I am writing a bare metal uSDHC driver for the iMX6Q based on the SDK version and am having an issue with reading (haven't tried writing yet). I can send commands to the SDHC card and get the proper responses back, so sending commands is not an issue. I believe the code for setting up for the read is also correct including the setup for the adma2. I'm using a CMD17 (read single block) to try to read the MBR (sector 0) of a known good (16GB) SDCARD using a known good OTS board from Boundary Devices.

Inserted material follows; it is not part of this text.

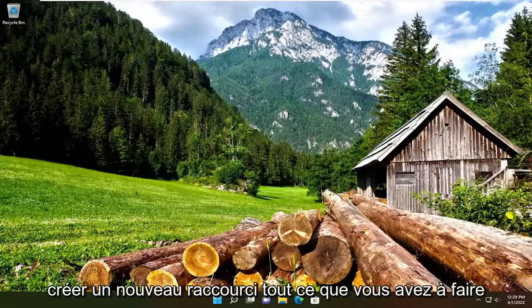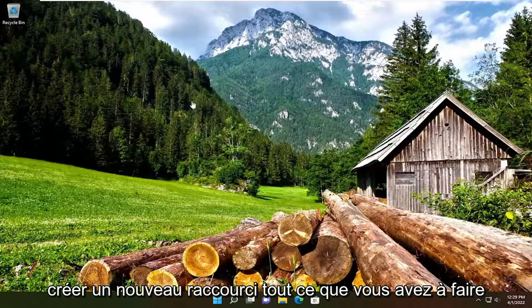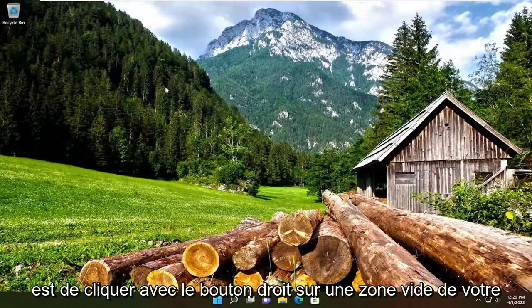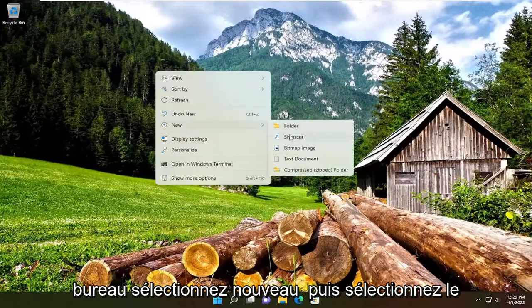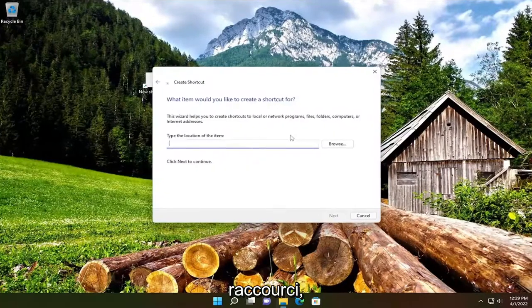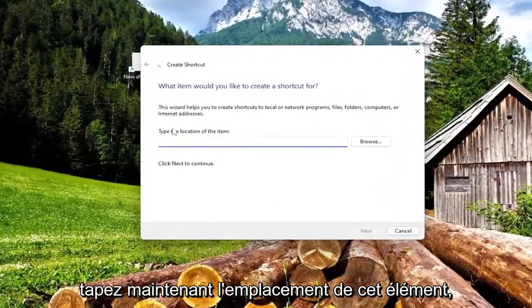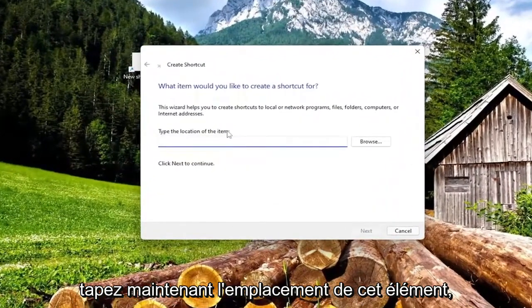So in order to create a new shortcut, all you have to do is right-click on a blank area of your desktop, select New and then select Shortcut. Now type the location of this item.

I initialize the read buffer (512 bytes) with the value 0x5a to detect what is read. This is what I get back (buffer starts at 0x104098a0):

The 55 aa at the end is correct and some of the 00 bytes may be as well. Since none of the bytes are 0x5a, 512 bytes were read from somewhere.
Below is what the data should be:

Here are the registers just before sending the command:

Below are the registers after the read (note that INT_STATUS has already been cleared):

In my setup I use three adma2 descriptors. The first one covers from the beginning of the buffer until the start of the first cache line. The read data is read into a separate uncached buffer (in DRAM), then copied into the real buffer. The second one is used to read in the rest of the data down to the last full 32 bytes (last full cache line). This data is read into physical memory, then the virtual memory is invalidated forcing the cache to be re-loaded. The third descriptor is used to read anything left over, and acts like the first one.
The adma2 descriptors are set up (in uncached DRAM) in this example such that, the buffer was started on a cache line so only two of the descriptor are used (third one not needed). There doesn’t appear to be any descriptor errors (AMDA_ERR_STATUS = 0), and the addresses of the 2 descriptors used are 0x184000C0, and 0x184000C8. The ADMA_SYS_ADDR reg shows 0x184000D0 which shows that the 2 descriptors used were executed. No errors are reported in the INT_STATUS reg.
It has the appearance of some kind of timing issue or data not ready, card can send data fast enough (@25MHz). Both CIHB and CDIHB are checked as you can see in the attached code.
Any ideas where to start looking for errors as to why the data is incorrect?